Pelaksana Tugas (Plt) Inspektur Pemkab Situbondo Fathor Rakhman mengemukakan dari total 16 desa yang bermasalah itu sudah ada delapan desa yang menindaklanjuti, meskipun belum mengembalikan keuangan sepenuhnya.
"Bagi yang belum melaksanakan kewajiban pengembalian, kami berharap para kepala desa segera menyelesaikan kewajiban itu," katanya di Situbondo, Jumat.
Fathor menegaskan bahwa Inspektorat akan melimpahkan persoalan ke aparat penegak hukum (APH) jika desa-desa belum melakukan pengembalian keuangan negara.
"Upaya administratif ini merupakan kesempatan terakhir, sebelum kami limpahkan ke aparat penegak hukum," katanya.
Sementara Ketua Komisi I DPRD Situbondo Rudi Alfianto menyampaikan Inspektorat telah memberikan waktu bagi desa-desa yang bermasalah untuk menyelesaikan temuan penggunaan dana desa tahun anggaran 2024 itu.
"Ketika sudah melewati batas waktu yang ditentukan, maka prosesnya akan masuk ke ranah hukum, oleh karena itu kami berharap desa-desa tersebut segera menyelesaikannya," katanya.
Informasi yang dihimpun ANTARA, kerugian keuangan negara dalam pengelolaan dana desa tahun anggaran 2024 mencapai sekitar Rp15 miliar.

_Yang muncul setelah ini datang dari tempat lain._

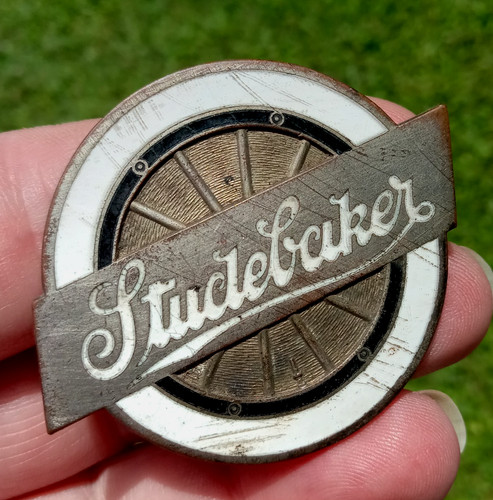 Original oem vintage - oem, 1920's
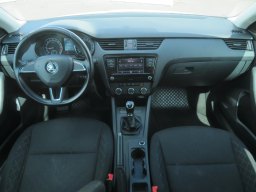 Škoda Octavia 2018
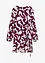 Jersey jurk van zachte viscosemix, bonprix
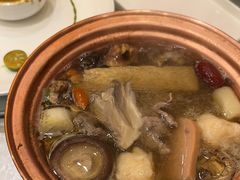 -东来顺•非遗火锅(外滩店)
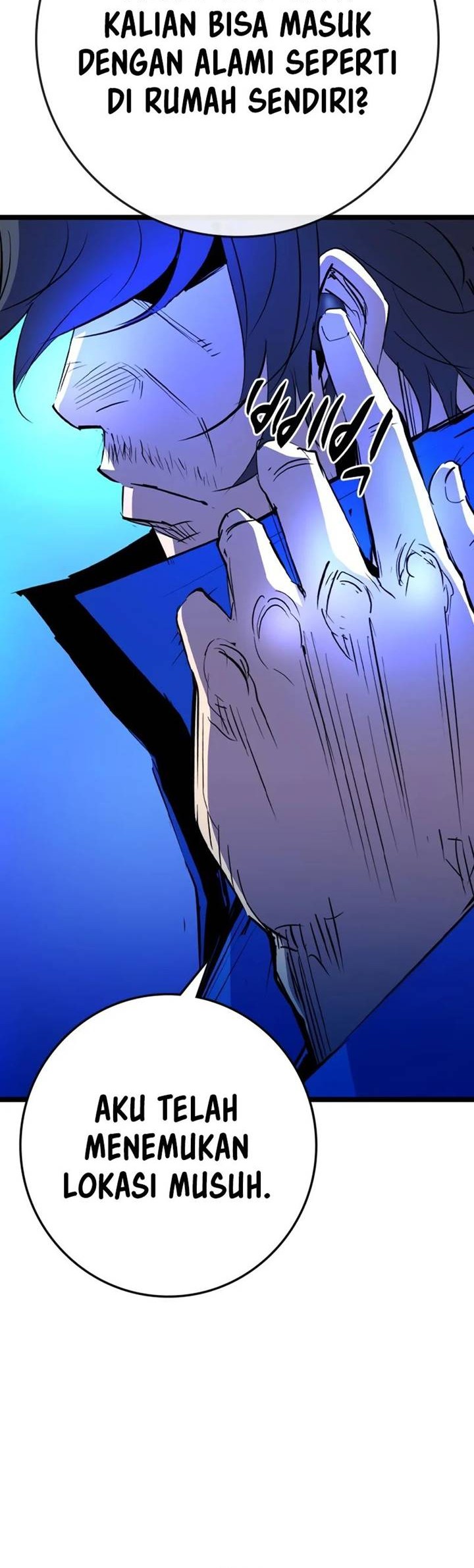 Hallym Gymnasium Chapter 188 Gambar 27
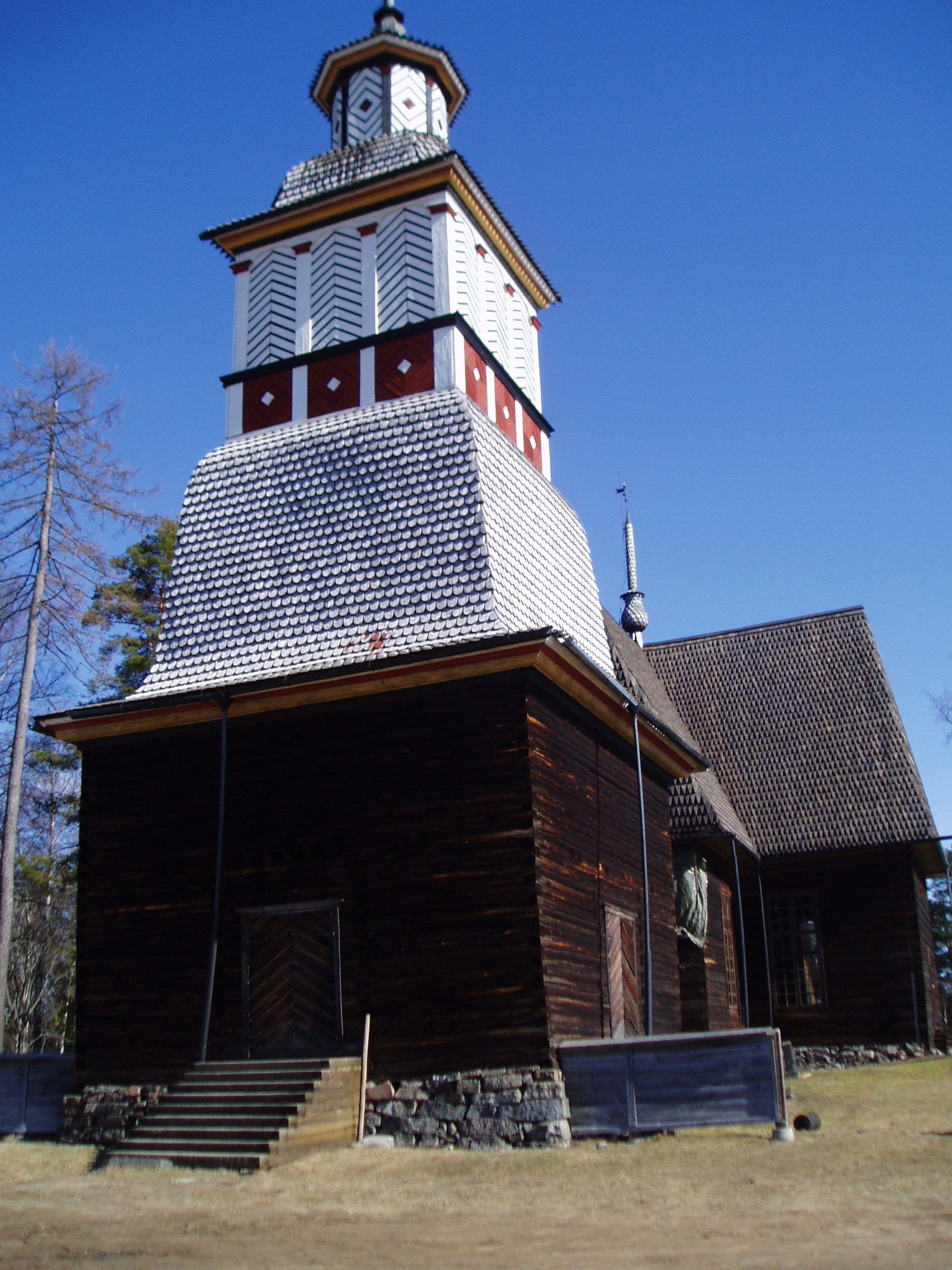 Финляндия-как есть...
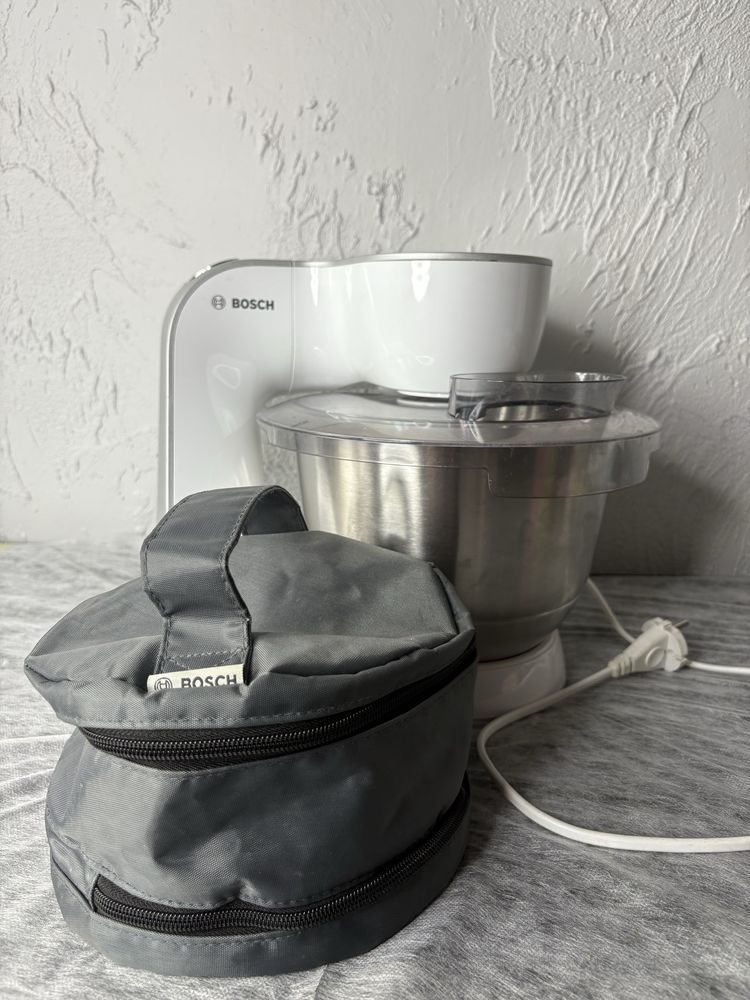 Robot kuchenny BOSCH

Kerugian keuangan negara belasan miliar itu terungkap setelah tim audit melakukan pemeriksaan internal 99 desa yang tersebar di 13 kecamatan setempat.

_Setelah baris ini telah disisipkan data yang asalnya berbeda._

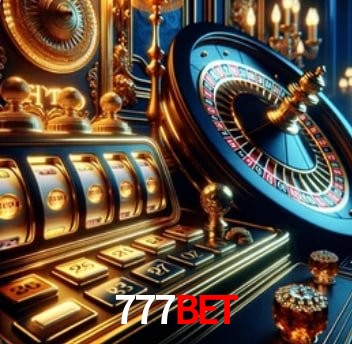 Inovações de Jogos na 777bet: O Futuro das Experiências Interativas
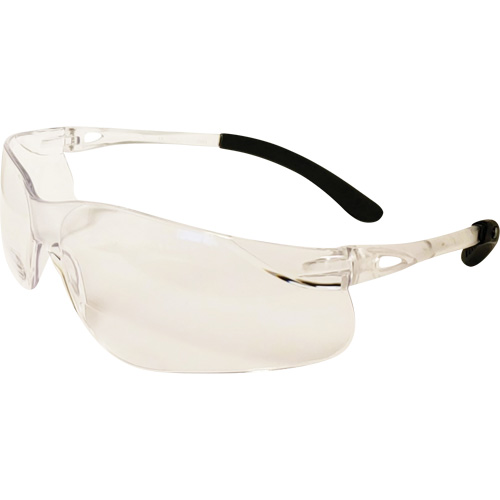 Lunettes de s&eacute;curit&eacute; Sen-Tec avec verres de lecture, Anti-&eacute;gratignures, Transparent, Dioptrie 1,5 Distribution Élite MP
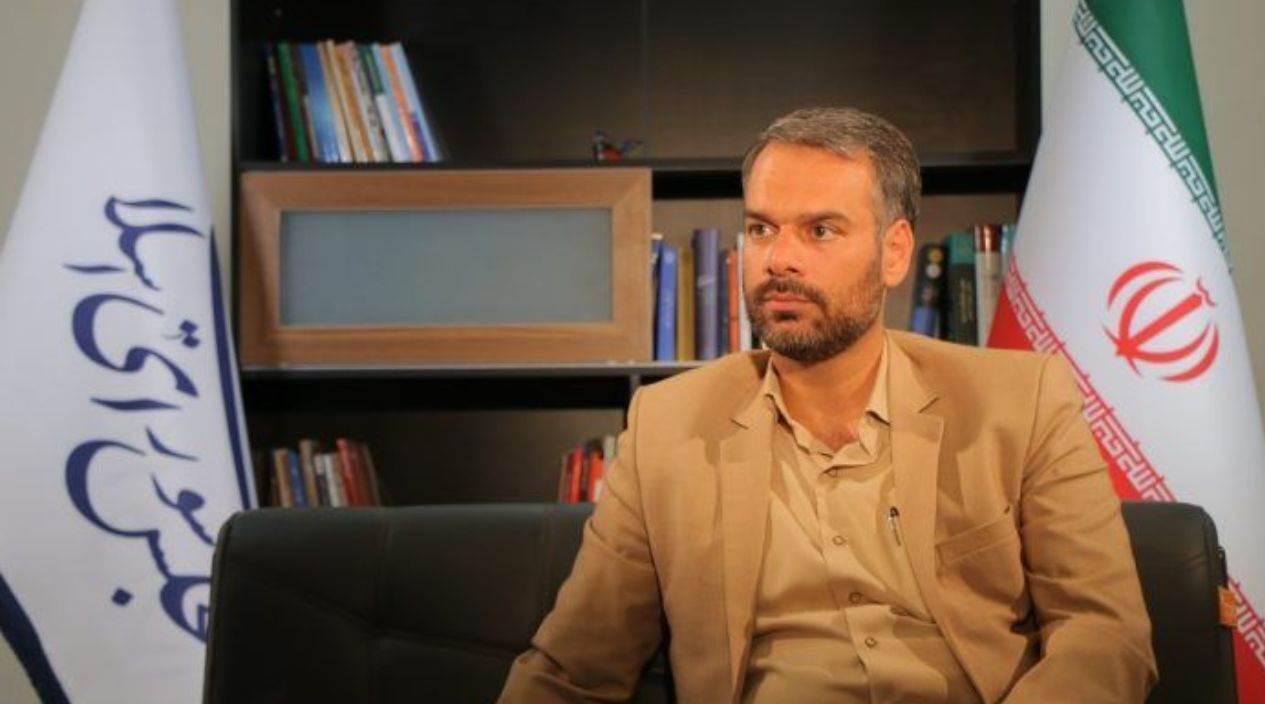 معاونت حقوقی و امور مجلس صدا وسیما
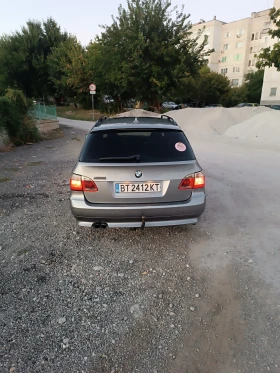 BMW 530, снимка 6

Inspektorat juga telah mengeluarkan laporan hasil pemeriksaan atau LHP tahun 2025 untuk 99 desa dan merekomendasikan agar desa mengembalikan kerugian keuangan negara tersebut.
Dari 99 desa yang telah menerima dokumen laporan hasil pemeriksaan itu, tercatat ada sejumlah desa yang telah mengembalikan, total pengembalian sekitar Rp3 miliar, sehingga desa yang masih belum mengembalikan temuan tersebut tersisa sekitar Rp11 miliar.